Abstract
Measuring the Earth’s Temperature
We read a fair amount in the press about global warming. Some of the journalists are reasonably well informed. Others are less so. A few have an agenda driven by their editor or their publisher and try either to disprove or confirm that human beings are affecting the Earth’s climate – mostly the former!
But how do we decide what the temperature of the Earth is today let alone what it has been in the past? Today, there is a reasonably well-established network of worldwide meteorological observatories. However, observatories are only the beginning. We need to think about their geographical distribution and how to combine their results into a single global figure. Roughly two-thirds of the Earth’s land area is in the northern hemisphere and that is where most observations have been made. Historically, this uneven distribution made it difficult to arrive at a representative world average. Today, things are better because ships, remote automatic recording stations and satellite information can help fill in the gaps.
The general approach is to grid surface of the Earth and then to attribute a temperature to each grid square or grid node based on the information that is available in that area. Before that is done, however, allowance has to be made for the local circumstances affecting each observatory. For example, observatories in mountains will tend to show cooler values than those nearer sea-level, and there may be more annual variability. There is also a well-established thermal ‘urban-warming effect’ that reflects energy use within cities, and it means that temperatures measured in the middle of cities are likely to be 1 or 2 °C warmer than sites on the outskirts. Given that the observations are made by different bodies in different countries, there may well be differences in both precision and accuracy. These are likely to be particularly relevant for some of the most remote and thus important stations!

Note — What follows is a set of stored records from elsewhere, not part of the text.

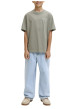 Thumbnail T-shirt en coton kaki orné d'un imprimé de la marque oversize dans le dos - Image 7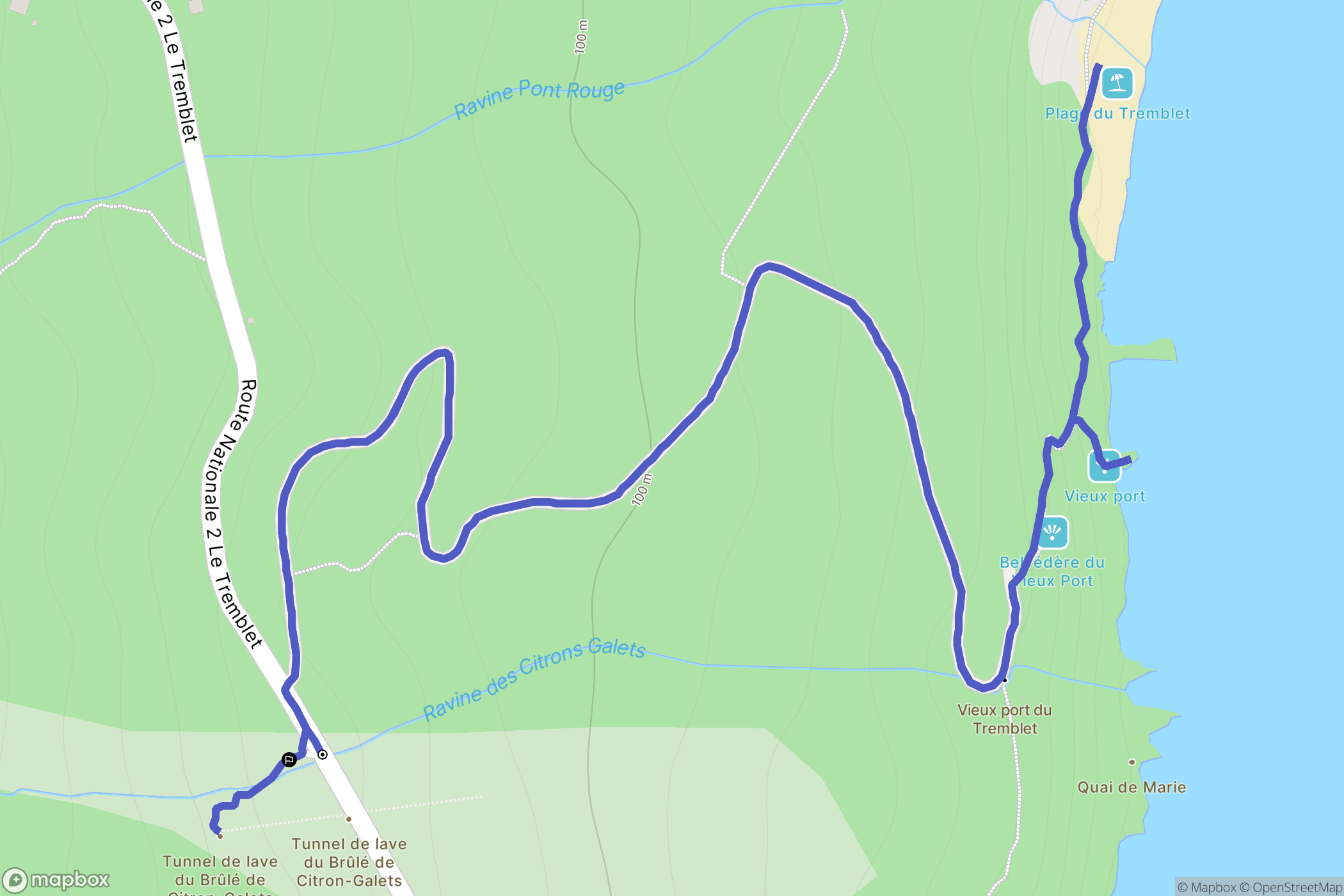Saint-Philippe : carte du parcours de randonnée - France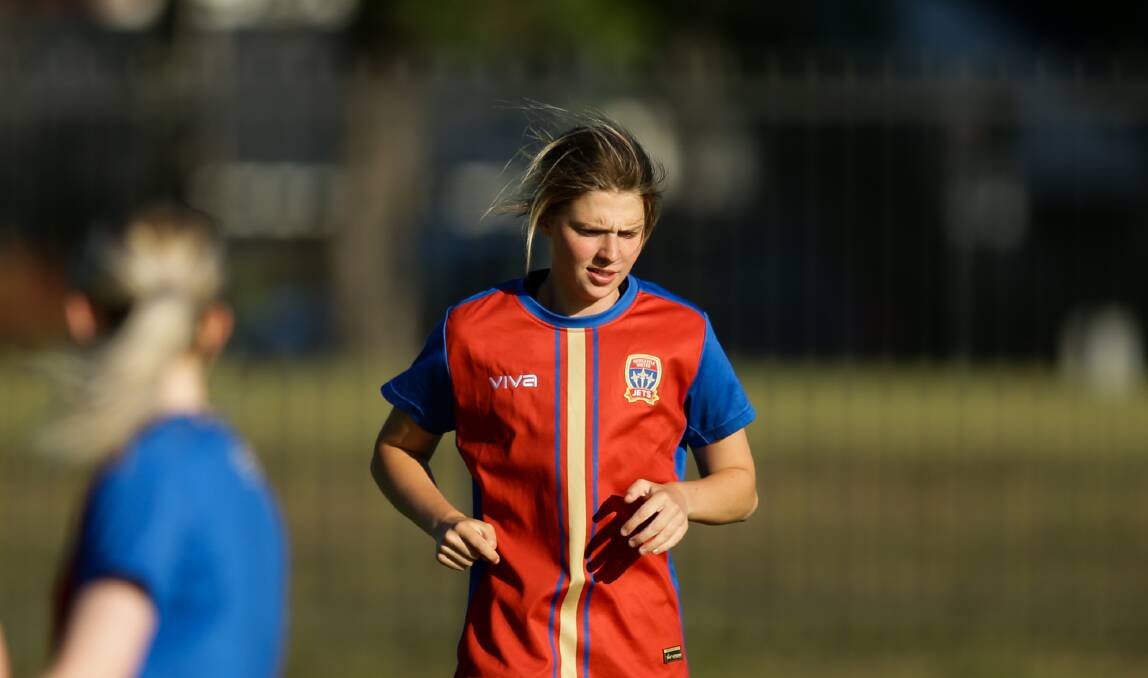 DEBUT: Jets midfielder Lucy Johnson is hoping to make the most of her first season in A-League Women's. She comes to Newcastle after playing in NPLW Victoria for South Melbourne. Picture: Jonathan Carroll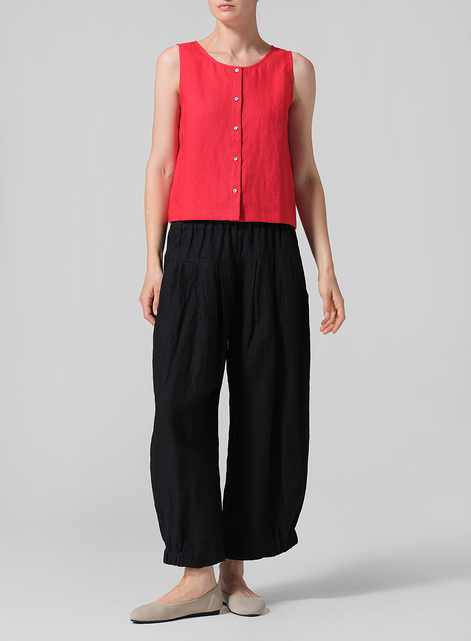 Linen Sleeveless Top Tank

There is therefore scope for argument about the temperature of the Earth today. For questions of climate change, however, the absolute value of temperature is much less important than temperature changes. However, local observatories and met-organisations that provide the data for the global model are a law unto themselves. Without announcing the fact they may simply move to a new location keeping the same name and thus to a different local microclimate. They may change their way of deriving a station temperature, for example, changing from averaging a maximum and minimum to simply quoting midday temperature. And a city may grow up around a station that was previously in the country. As we go back in time, the challenges increase. There are fewer stations, less evenly distributed, and with poorer records of how their observations were made. Finally, we reach the 17th century, when the earliest measurements were made with mercury thermometers. We also know that a variety of physical processes, including intensity of solar radiation and minor perturbations in the Earth’s orbit can generate periodic temperature changes with cyclicities of a decade to tens of decades.

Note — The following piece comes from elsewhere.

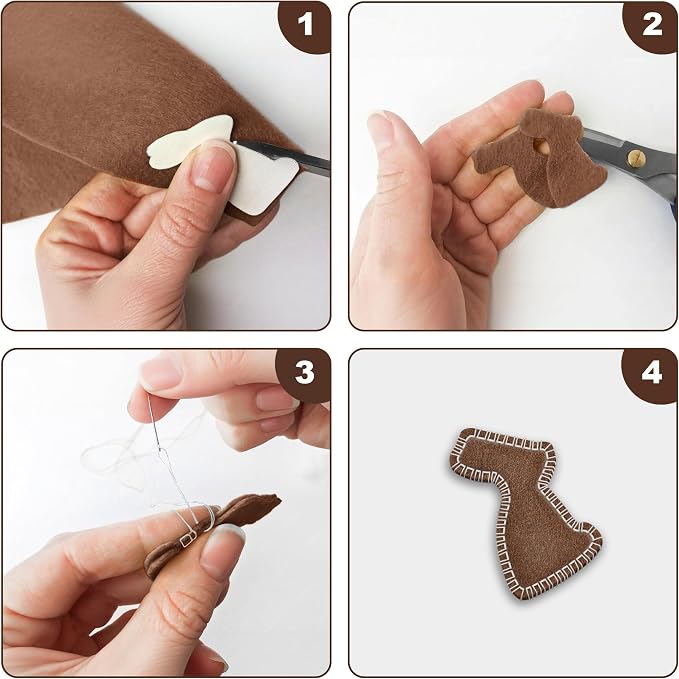 20PCS Brown Felt Fabric Sheets - Image 4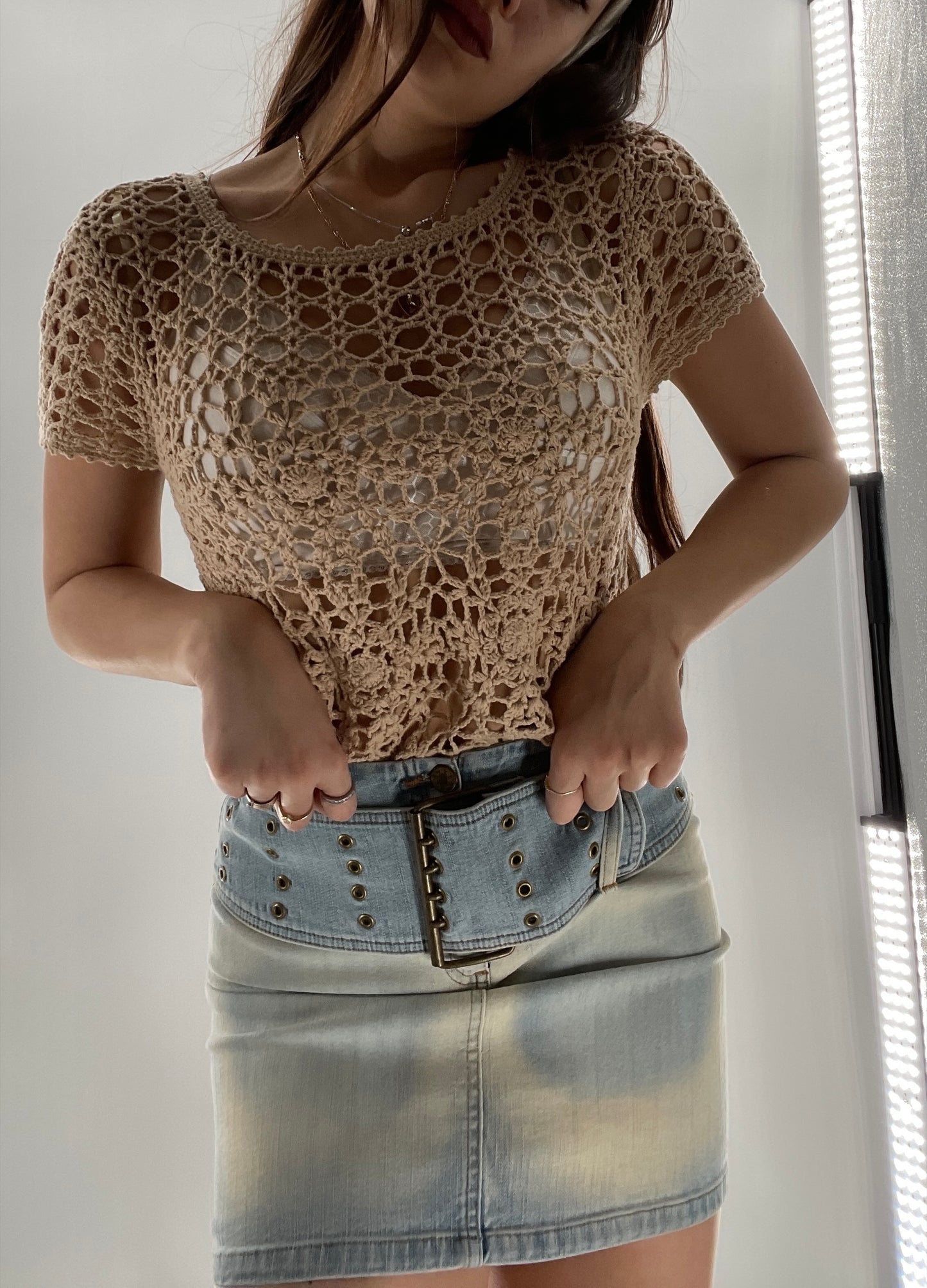 Vintage Tan Crochet Short Sleeve (Small)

The bottom line is that it is pretty difficult to judge changes in global temperature from a relatively short time series of variably controlled measurements. However, over the last decade or so, the global temperature does not appear to have varied very much. A better indication of global change may be given by changes in sea-level that have been recorded for centuries at ports all over the world and more recently by satellite. Sea level is rising partly through thermal expansion and partly because of the melting of continental ice in Greenland and Antarctica. The oceans appear to damp out much of the high-frequency temperature variation observed in the atmosphere but that is separate story.